I am discovering that the Church is extremely hungry not just for supernatural manifestations of God’s love, but for understanding and activation into these things, and I now believe I have been divinely positioned to release a greater measure of that into the Body of Christ. If I were busy viewing myself as someone who is unworthy or unable, I would be unprepared to help steward this forward by writing a book. The truth is that unless we are able to take a more impartial view of ourselves, we will very rarely come up with an accurate appraisal of our own skills and abilities.
I was recently visiting with family in a dynamic with my older brother where I found myself reviewing my own value and worth from a life-accomplishments perspective and internally trying to see if I “measured up.” I was listing off my accomplishments for my wife and she asked me “Do you feel like you need to prove something?” I thought for a moment and the answer was “Yes, I do feel that way, but there’s no reason why I should need to prove myself to measure up.” The reality is that I don’t need to compete with my brother in any way–we are nothing alike and I honestly don’t want to be like him.

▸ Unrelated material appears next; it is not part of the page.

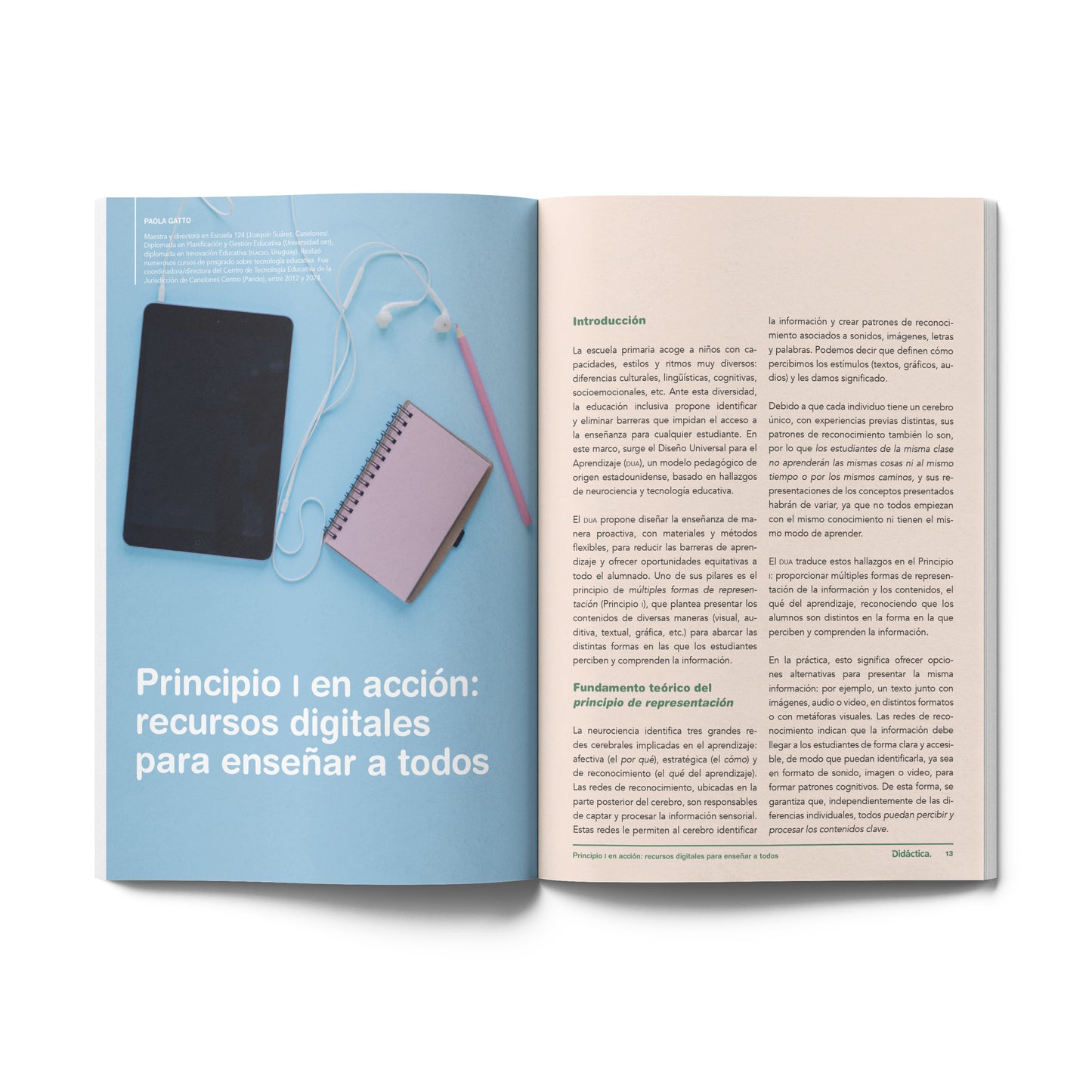 Suscripción a Didáctica Primaria 2025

He is an officer in the military with all of the perks and responsibilities, has a Masters Degree, a wife his age with kids, and is a member of the Episcopal Church. On paper he looks super-successful, but there is always a deeper truth behind appearances. He gets moved all around the country and world every few years and lives his family less than 50% of the time due to being deployed in the middle of the ocean somewhere. He is staunchly set in his religious ways and is not open to new ideas or revelation if they don’t align too closely with what he already thinks. He is so used to telling others what to do and having them follow his instructions without questioning that he treats other people that way as well.

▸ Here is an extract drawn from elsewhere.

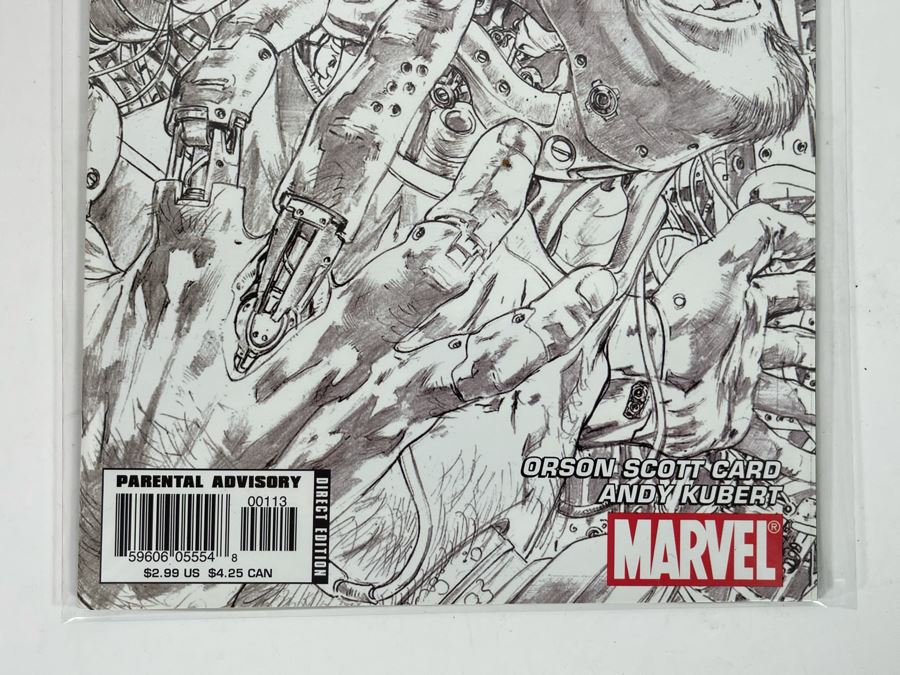 Ultimate Iron Man #1 Comic Book [Photo 4]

On the other hand, I am 31 and still haven’t finished my Bachelors degree, have no kids, married a woman 24 years older than I am, and have no clear religious affiliations to speak of. However, I am a Registered Nurse who will not only be completing my degree soon, but have already been working in my field for years with very good pay with only an Associates Degree. My wife is older than I, but is much better matched for me than anyone in my own age bracket. I have three wonderful step-grandchildren who live with us and who I get to help raise. I have one book that is in the editing process to be published, over ten more ideas on the drawing board, and another two which are also significantly underway. I get to see my wife and family every day and only work 80% of a normal person’s work schedule. From a spiritual perspective, God has placed me on the cutting edge of some areas of supernatural thought and experience, and I relish in the new things that God brings in my path and the opportunity to test out and learn new things. In other words, I am happier being me, and comparing myself to someone else isn’t going to help me become more of who God made me to be. I’m not my brother and I don’t have the talents and inclinations he has, and he doesn’t have mine.

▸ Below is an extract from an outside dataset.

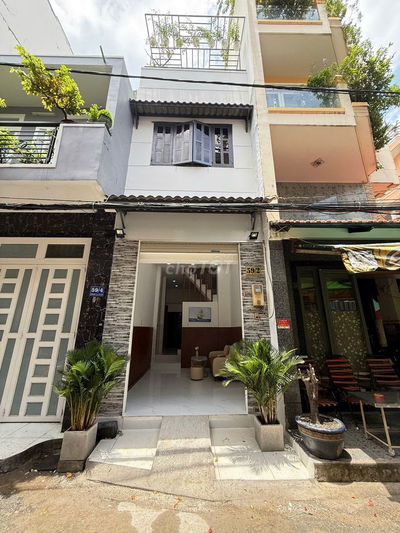 Bán nhà số 59/2 Nghĩa Hòa, P6, Hẻm 6m, DT 30m2, 3 Phòng ngủ, 3 tolet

Having a clear picture of how God sees us is best developed by listening to God himself. It can be easy for me to see myself from my own internal view, but if I take time, even just a moment in a situation where I am having difficulty, to ask God what He thinks and feels about me, it is completely different than what I am usually expecting to hear, and over time it helps me have a different image of myself. As I gain a clearer picture of who I am based on how God sees me, my entire life becomes more functional as instead of living from inner dysfunction I begin to live from a place of inner wholeness.